President Nicos Anastasiades, in power for just a month, tweeted his thanks to Cypriots for their "maturity and sense of responsibility" in not panicking at "a critical time".
He also announced that he was slashing his salary by 25 per cent while cabinet members would take a 20 per cent wage reduction.
International camera crews easily outnumbered customers queuing calmly outside neighbouring branches of the island's two main banks in Nicosia's central Eleftheria (Freedom) Square.
Many waiting in line were elderly people who said they had run out of cash because they did not have bank cards.
An employee of the Bank of Cyprus politely asked them to show "patience and understanding". Demetris Antoniou promised: "We will give you the maximum service we have."
Beside him, an unarmed local employee of the British-based security firm G4S smiled benignly behind his aviator sunglasses. "We never expected any trouble," he said. "Cypriots are law-abiding and peaceful."
Yet they are also distraught, dismayed and feel betrayed by their European Union partners.
Kostas Nikilaou, a 60-year-old pensioner, said the uncertainty of the past two weeks had been "like a slow death". He added: "I feel a sense of fear and disappointment having to queue up like this - it feels like a Third World country. This is what they [international lenders] imposed on us and we have to live with it."
Outside the Laiki Bank, Marios Panayides, a 65-year-old retired civil servant, said: "Our previous government made mistakes, but our EU partners have also been very harsh and shown very little solidarity."
Under the deal agreed on Monday, Cyprus has to raise €5.8bn to qualify for a €10bn EU-IMF bailout. This requires major reforms to its oversized banking sector, while depositors with more than €100,000 in the island's two largest banks, Bank of Cyprus and Laiki, many of them Russian, face losing a large chunk of their money.
But in Eleftheria Square, an MP for the ruling Disy party pointed out that the terms of the bailout targeted not only foreign tycoons but "ordinary Cypriot businesses".
"We want to believe that our partners in the EU will understand what they have done," Prodromos Prodromou said.
Cyprus's foreign minister was more blunt. "Europe is pretending to help us but the price to pay is too high: nothing less than the brutal destruction of our economic model," Ioannis Kasouldides told the French newspaper, Les Echos.
Under the bailout agreement, Laiki Bank will be wound down, with its good assets merged into Bank of Cyprus.
Cypriot officials insisted the strict capital controls, unprecedented in the EU, would be temporary, lasting just days. But many experts believe they may endure for weeks or even months.
"This is a typical set of exchange-control measures, more reminiscent of Latin America or Africa," Bob Lydon, general secretary of the international banking association, IBOS, told Reuters. "These are permanent controls until the economy recovers."
The imposition of capital controls has led economists to warn that a second-class "Cyprus euro" could emerge, with funds trapped on the island less valuable than euros that can be freely spent abroad.

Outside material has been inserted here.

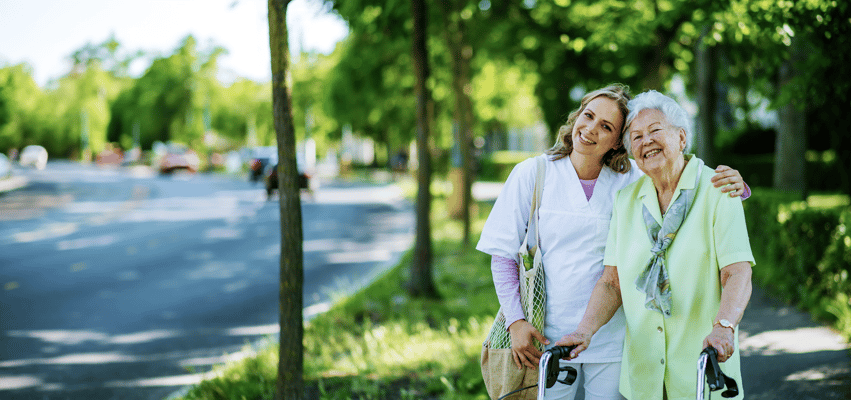 Caregiver assisting a smiling senior woman outdoors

Aside from restrictions on cash withdrawals, credit and debit card use abroad will be limited to €5,000 a month.
There is a ban on cashing cheques, and travellers from Cyprus will not be able to take out more than €1,000 in cash. To allow trade to continue, businesses will be allowed to pay for imports if they provide authorities with "the relevant documents".
The Cypriot stock market announced it would remain closed again yesterday "in order to ensure" its "smooth functioning" and "protect investors". It has been shut since March 16.
Police sources said passengers leaving Cyprus's airports are now subject to extra searches, with officers ordered to confiscate cash above the €1,000 limit.